Given information →
..........

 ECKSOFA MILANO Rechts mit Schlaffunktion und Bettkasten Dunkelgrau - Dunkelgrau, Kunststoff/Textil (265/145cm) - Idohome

..........

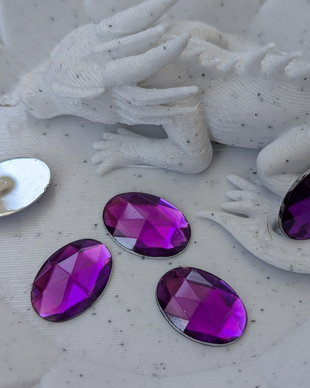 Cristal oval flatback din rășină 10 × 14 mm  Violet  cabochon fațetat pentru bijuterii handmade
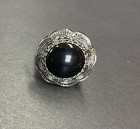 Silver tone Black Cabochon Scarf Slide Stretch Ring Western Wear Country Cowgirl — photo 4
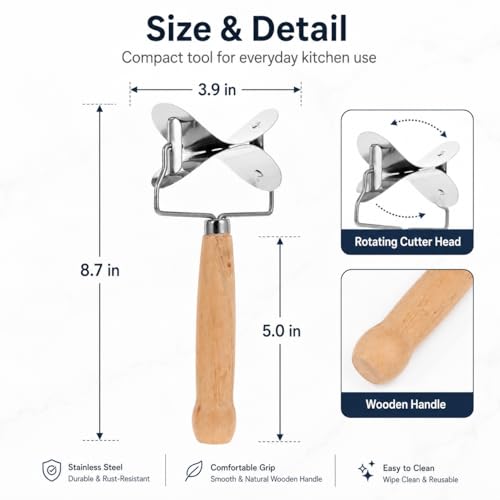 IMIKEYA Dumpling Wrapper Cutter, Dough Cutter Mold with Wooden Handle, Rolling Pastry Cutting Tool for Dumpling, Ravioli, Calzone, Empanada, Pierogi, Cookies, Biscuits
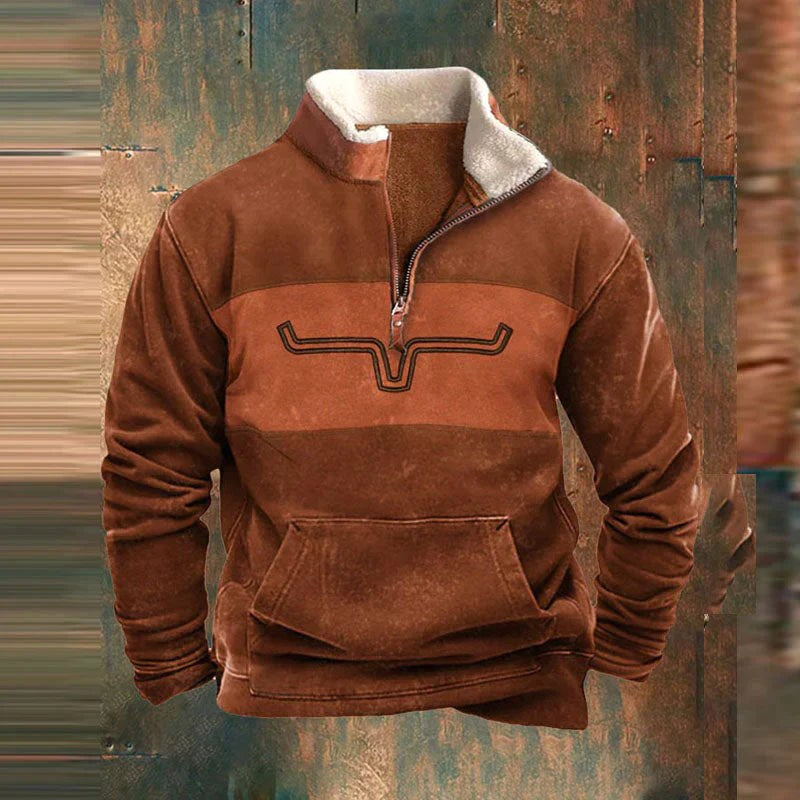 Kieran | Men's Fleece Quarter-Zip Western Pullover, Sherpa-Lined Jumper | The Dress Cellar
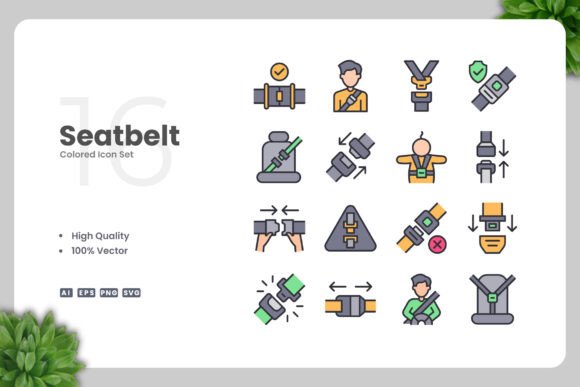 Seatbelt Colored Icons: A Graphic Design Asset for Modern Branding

..........

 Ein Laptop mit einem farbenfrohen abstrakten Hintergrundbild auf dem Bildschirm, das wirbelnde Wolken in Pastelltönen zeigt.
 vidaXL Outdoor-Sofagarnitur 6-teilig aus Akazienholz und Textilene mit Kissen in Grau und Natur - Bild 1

..........

Work instruction → Copy out, word for word, the part of the entries above that begins at the line with "Ein Laptop mit" and ends at the line with "vidaXL Outdoor-Sofagarnitur 6-teilig", including both.

Exercise output →
 Ein Laptop mit einem farbenfrohen abstrakten Hintergrundbild auf dem Bildschirm, das wirbelnde Wolken in Pastelltönen zeigt.
 vidaXL Outdoor-Sofagarnitur 6-teilig aus Akazienholz und Textilene mit Kissen in Grau und Natur - Bild 1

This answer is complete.